World Kindness Day has inspired some truly one-of-a-kind events, from 10,000 free chocolate bars being handed out at London train stations by Kindness UK and the Singapore Kindness Movement’s gifting of 30,000 Gerbera flowers to passers-by to a worldwide flash mob organised by Life Vest Inside. World Kindness Australia has even delivered an enormous hug on Bondi Beach. 

But kindness doesn’t just exist in the grand gestures. It lies in the little everyday things we can do for one another too. You might decide to pay for someone’s food when you’re waiting for something tasty at the drive-thru. Or you could call someone special to say how much you love and appreciate them. Helping a neighbour home with their shopping could mean a lot to them, or you might volunteer for a charity whose cause is close to your heart. Or how about putting the kettle on and having a cuppa with a person you’ve not spoken to in a while? The opportunities to bring a bit of sunshine to someone’s life on World Kindness Day are endless; setting aside a little time could make a big difference.  

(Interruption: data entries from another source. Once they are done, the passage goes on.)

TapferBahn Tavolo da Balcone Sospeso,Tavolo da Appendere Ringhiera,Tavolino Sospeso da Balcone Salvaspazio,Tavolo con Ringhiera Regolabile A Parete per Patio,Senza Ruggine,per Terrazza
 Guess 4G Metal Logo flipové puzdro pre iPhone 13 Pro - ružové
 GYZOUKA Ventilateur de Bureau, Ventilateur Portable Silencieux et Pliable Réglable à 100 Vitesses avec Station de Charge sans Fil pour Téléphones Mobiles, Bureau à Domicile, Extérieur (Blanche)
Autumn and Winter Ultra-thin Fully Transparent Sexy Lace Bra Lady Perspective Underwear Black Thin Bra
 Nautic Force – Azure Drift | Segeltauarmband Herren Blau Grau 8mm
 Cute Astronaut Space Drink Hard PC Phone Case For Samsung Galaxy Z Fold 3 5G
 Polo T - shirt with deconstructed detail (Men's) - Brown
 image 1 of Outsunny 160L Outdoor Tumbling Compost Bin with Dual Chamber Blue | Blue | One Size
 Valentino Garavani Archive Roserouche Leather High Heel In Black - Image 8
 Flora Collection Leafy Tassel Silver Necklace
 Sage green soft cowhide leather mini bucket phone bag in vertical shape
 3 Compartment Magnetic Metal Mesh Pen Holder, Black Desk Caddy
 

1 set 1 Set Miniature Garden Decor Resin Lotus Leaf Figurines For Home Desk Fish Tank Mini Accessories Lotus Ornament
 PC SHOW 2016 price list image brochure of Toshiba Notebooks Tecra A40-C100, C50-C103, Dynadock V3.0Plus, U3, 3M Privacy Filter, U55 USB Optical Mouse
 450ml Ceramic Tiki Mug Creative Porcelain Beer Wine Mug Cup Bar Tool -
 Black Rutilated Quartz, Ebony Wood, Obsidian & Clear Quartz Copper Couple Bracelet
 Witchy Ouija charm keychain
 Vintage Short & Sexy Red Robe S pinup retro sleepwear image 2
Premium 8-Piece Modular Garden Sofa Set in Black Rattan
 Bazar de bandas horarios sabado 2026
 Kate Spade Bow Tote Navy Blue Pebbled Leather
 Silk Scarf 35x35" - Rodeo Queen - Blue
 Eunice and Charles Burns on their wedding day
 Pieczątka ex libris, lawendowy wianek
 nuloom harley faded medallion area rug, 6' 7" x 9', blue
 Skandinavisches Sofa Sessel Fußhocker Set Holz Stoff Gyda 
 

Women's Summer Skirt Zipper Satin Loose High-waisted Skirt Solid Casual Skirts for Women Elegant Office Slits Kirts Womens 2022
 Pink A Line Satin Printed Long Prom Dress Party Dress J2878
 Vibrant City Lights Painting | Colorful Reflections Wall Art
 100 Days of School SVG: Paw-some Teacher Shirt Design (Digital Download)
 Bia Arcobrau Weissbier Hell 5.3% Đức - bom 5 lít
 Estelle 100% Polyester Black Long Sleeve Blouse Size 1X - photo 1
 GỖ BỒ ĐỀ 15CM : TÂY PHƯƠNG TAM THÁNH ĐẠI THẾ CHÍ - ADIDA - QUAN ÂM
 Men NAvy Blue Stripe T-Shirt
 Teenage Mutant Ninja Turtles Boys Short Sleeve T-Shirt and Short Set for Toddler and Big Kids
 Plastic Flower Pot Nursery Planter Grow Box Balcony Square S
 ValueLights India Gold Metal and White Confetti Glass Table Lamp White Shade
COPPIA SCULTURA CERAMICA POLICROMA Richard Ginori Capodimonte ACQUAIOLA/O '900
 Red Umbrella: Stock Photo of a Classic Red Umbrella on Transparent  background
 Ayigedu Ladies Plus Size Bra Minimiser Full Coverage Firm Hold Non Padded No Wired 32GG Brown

Kindness keeps us alive and kicking 

Being kind feels good; it’s nice to be nice, after all. But did you know that performing acts of kindness can do wonders for our physical and mental wellbeing too? 

Showing kindness releases a cocktail of feel-good chemicals into your bloodstream. This includes serotonin and dopamine, which provide feelings of satisfaction and wellbeing. They activate the pleasure and reward centres of both the kindness givers and receivers. Endorphins, the body’s natural painkiller, are also produced when we do something nice – contributing to a phenomenon known as the “helper’s high”.  

Doing something nice may make our hearts swell, but their overall health can reap the rewards too. Good deeds release the ‘love hormone’ oxytocin, which boosts the production of nitric oxide in blood vessels, dilating them and lowering blood pressure. 

Higher oxytocin levels lower our stress levels too. In this sense, kindness is something of a stressbuster. Those who practise kindness often apparently age at a slower rate than those who find themselves consistently highly strung. Scientists have found that if you introduce the kindness hormone, oxytocin, to skin cells under stress, the levels of oxidative stress are reduced significantly. A study by the University of British Columbia also found that those who are consistently kind produce 23% less of the stress hormone, cortisol.  

Kindness is contagious. The more kind things we do, the kinder other people are likely to be in return. From a psychological perspective, this is an example of activating mirror neurons, also known as modelling behaviours. This explains why you can’t help but smile back when someone flashes you a cheesy grin. Kindness strengthens our bonds with each other. And this sense of connection can also spike the immune system into action to help the body fight off viruses and infection. 

Join the movement 

In our case for kindness, it’s clear that there are many physical, mental and emotional wellbeing benefits to doing something selfless for someone else. But when we’re focused on the busyness of our everyday lives, it can be easy to forget to take a moment and think about the little things you can do to brighten someone’s day.  

So, after World Kindness Day 2023, why not commit to delivering regular doses of kindness? Whether it’s complimenting a work colleague or letting your partner have control of tonight’s Netflix viewing, it all makes a positive difference. Kindness is catching. Let’s pass it on.